Alteration of the NMDA associated ion channel binding sites in the epileptic mutant mouse quaking

Abstract

Two competitive (CPP and CGS 19755) and two non-competitive (TCP and MK-801) antagonists of the NMDA receptor/ion channel complex inhibited in a dose dependent manner the convulsions of the quaking mice, a model of inherited epilepsy.
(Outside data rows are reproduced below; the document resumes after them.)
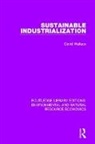 David Wallace - Sustainable Industrialization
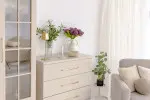 mini_image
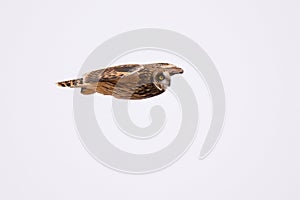 Shorted Eared Owl flying and hunting for prey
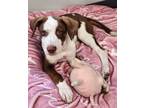 Adopt Maple a Catahoula Leopard Dog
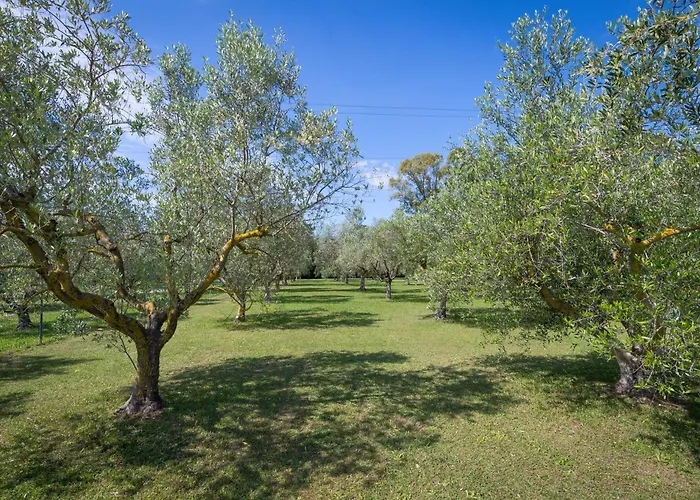 Tenuta Vallegaia * Rosignano Marittimo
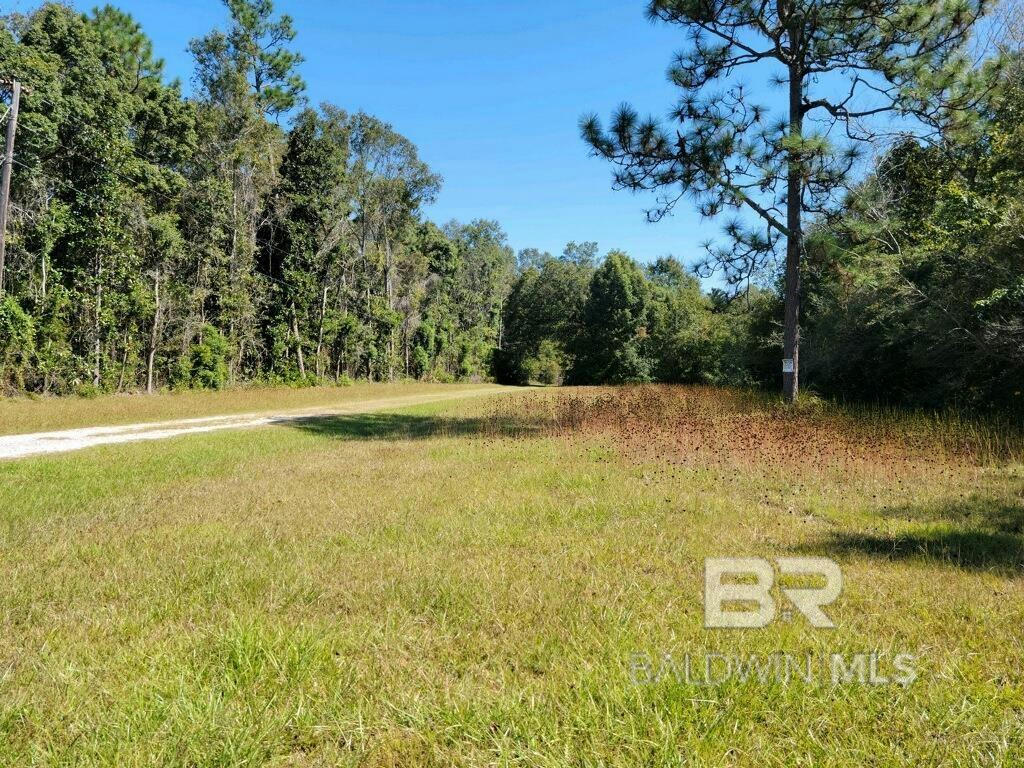 10475 PADGETT SWITCH RD, IRVINGTON, AL 36544, photo 1 of 10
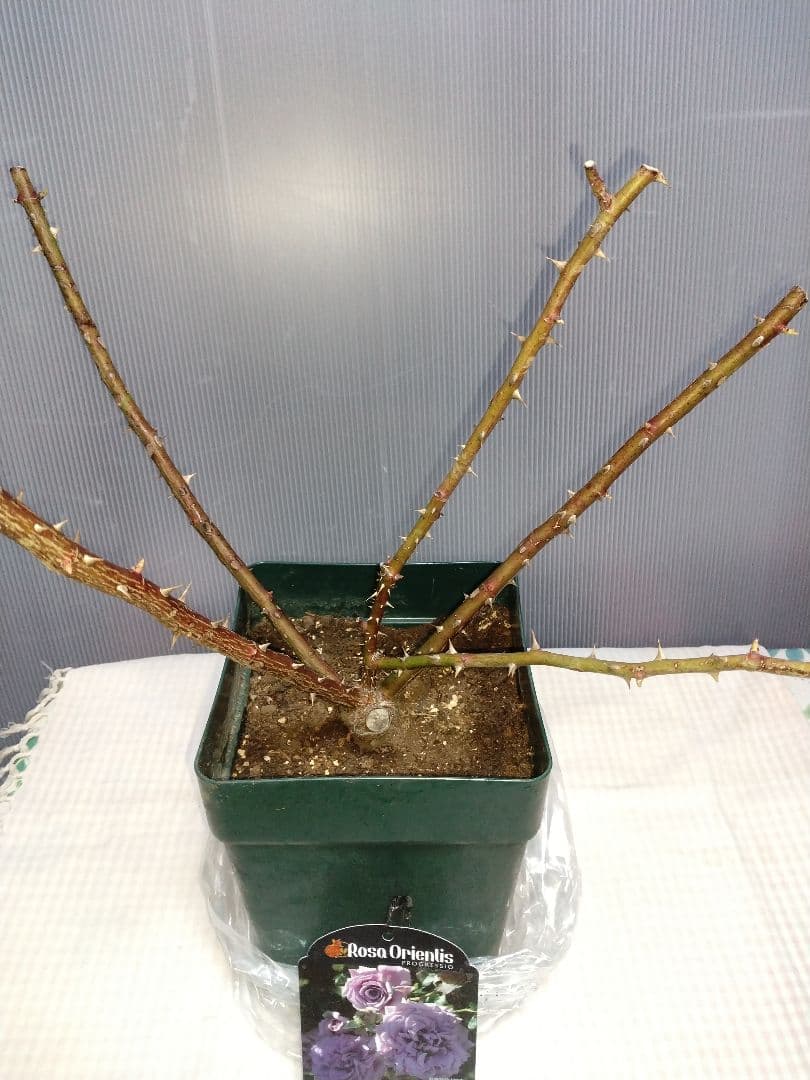 リリエンタール バラ苗 Rosa Orientis　６号鉢正規苗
However, the effects of the competitive antagonists (which bind to the NMDA recognition site) were not complete, and were accompanied by a marked ataxia, while the noncompetitive antagonists (which interact with the NMDA-receptor associated ion channel) fully protected the quaking mice and did not induce any noticeable side effect. The binding of 3H-glutamate to thoroughly washed brain membranes did not show any difference between the mutants and their controls. Moreover, CPP and CGS 19755 appeared equally potent at displacing the binding of 3H-glutamate in the two strains. The binding of 3H-TCP appeared to be markedly higher in the quaking mice than in the controls (Bmax qk: 3.11 ± 0.47 pmol/mg prot, n=5; controls: 1.80 ± 0.18 pmol/mg prot, n=6), without any change of the affinity constant (Kd qk: 70.8 ± 14.4 nM, n=5; controls: 54.3 ± 3.6 nM, n=6). In both quaking and control mice, 3H-TCP binding could be modulated by glutamate and glycine. In addition, the ability of glutamate and glutamate + glycine to enhance the binding of 3H-TCP was higher in the mutants than in the controls.